I really enjoyed writer Karen Walton’s take on the werewolf sub-genre and John Fawcett’s direction really sold this Canadian film to be the horror cult classic that it is. If you are a woman/girl/female then I highly suggest you view this film, as it has much to do with female puberty and how that correlates with a social “transformation”(just like a werewolf!). Karen Walton managed to work together two different plots in this film so beautifully that you are able to take them in as one, and all without the confusing elements so many other films give us with the “two plot” idea. What I enjoyed most about this film would have to be the very dark, gothic tone we see pretty much throughout the entire film. Right off the back we see how solemn and insecure the two sisters are which later on helps play into how Ginger deals with the “curse”(literally and figuratively), and with such a dark, gothic score…this film definitely get’s an A-Plus for use of atmosphere.
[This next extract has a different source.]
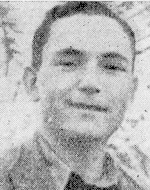 Aharon Tikotzki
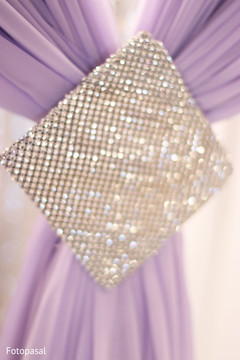 photo #295732 photo #295732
Ginger Snaps is also a fun watch, despite it’s dark nature and dialogue. This is mainly due to director John Fawcett’s use of a common element that livens up a film…GORE! Mr. Fawcett really dishes out the gore in this film, with the werewolf leaving dismembered and disemboweled family dogs lying on people’s yards and playgrounds as well as buckets of blood during scenes of unfortunate bystanders falling victim to Ginger’s urges. I also liked how he did not cop-out like so many other films and use CGI for his werewolf. All of the werewolf action in this film is live-action, and perfectly executed with great camera angles and awesome special effects work. Pretty impressive for a film that was never given a wide theatrical release here in the US eh?
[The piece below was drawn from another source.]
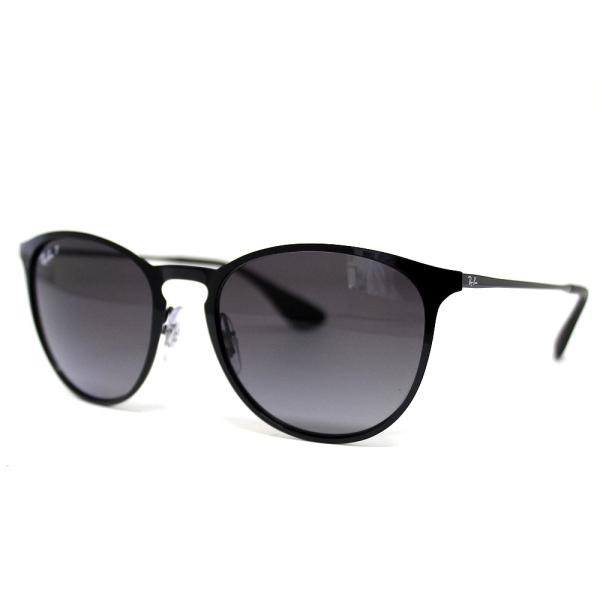 Ray-Ban（レイバン） Ray Ban RB3539 002/T3 54 サングラス ERIKA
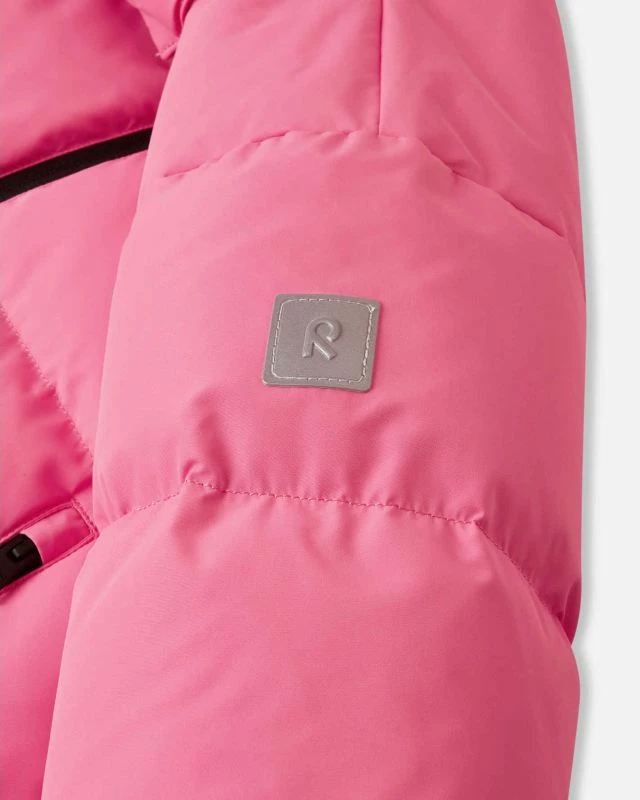 Jakne për fëmijë Reima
The use of characters in this film was well done, and Katharine Isabelle and Emily Perkins really made names for themselves in the horror world with this film. Aside from this film’s two sequels(one is technically a “prequel”) both of the actresses went on to star in several other films. Katharine had roles in the horror films Bones, Carrie(2002), and Freddy vs. Jason and Emily has mainly done non horror films like Prozac Nation, Insomnia, and the overrated film Juno(haha!). Heck, you even get to see veteran actress Mimi Rogers in the role as Ginger and Bridgett’s sympathetic and overly-positive mother, who is pretty much the opposite of her two girls. The role of their father however, was a bit odd for me. I cannot understand if he was put in the film just to waste screen space(like many characters in films), or if he was purposely written to be so lame and uninterested in the girl’s lives as a way of saying “blame daddy for how the girl’s came out”. Who knows, it was pretty cool though to see actor Chris Lemke, who appeared in My Little Eye(which I have a review for) as the drug dealer and pseudo-hero in this film.
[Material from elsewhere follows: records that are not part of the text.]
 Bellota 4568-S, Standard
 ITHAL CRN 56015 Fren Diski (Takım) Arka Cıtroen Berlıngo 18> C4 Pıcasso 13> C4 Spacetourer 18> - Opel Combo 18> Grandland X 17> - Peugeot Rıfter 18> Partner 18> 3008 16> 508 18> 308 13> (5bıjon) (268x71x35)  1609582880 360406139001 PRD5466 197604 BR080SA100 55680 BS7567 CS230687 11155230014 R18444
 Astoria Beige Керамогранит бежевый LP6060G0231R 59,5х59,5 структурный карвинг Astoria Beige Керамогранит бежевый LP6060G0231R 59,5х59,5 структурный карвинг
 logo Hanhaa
There is nothing I really do not like about this film, although I personally was not favoring the “Buffy” feel this flick gave me during a scene involving Ginger attending a high school party. I found it a bit cheesy it didn’t really represent the mood the rest of the film had, but maybe that’s just me and it was aimed at female cliques given that she went from social outcast to attending “popular” parties. Speaking of that…I also found that to be a great element in this film. How often are horror films written by women and attack issues women face as they grow up? Not very often, given most of the “issues” women normally face in horror films have to do with them trying to run faster from a masked killer.
Overall this is a great film that not only gives us a different perspective in the werewolf sub-genre, but has a good social message as well. Plus with no CGI and nothing but live-action gory werewolf carnage…how can you go wrong?
– I ranked this film #26 in my Top 50 Horror Movies of the Decade(21-30) post.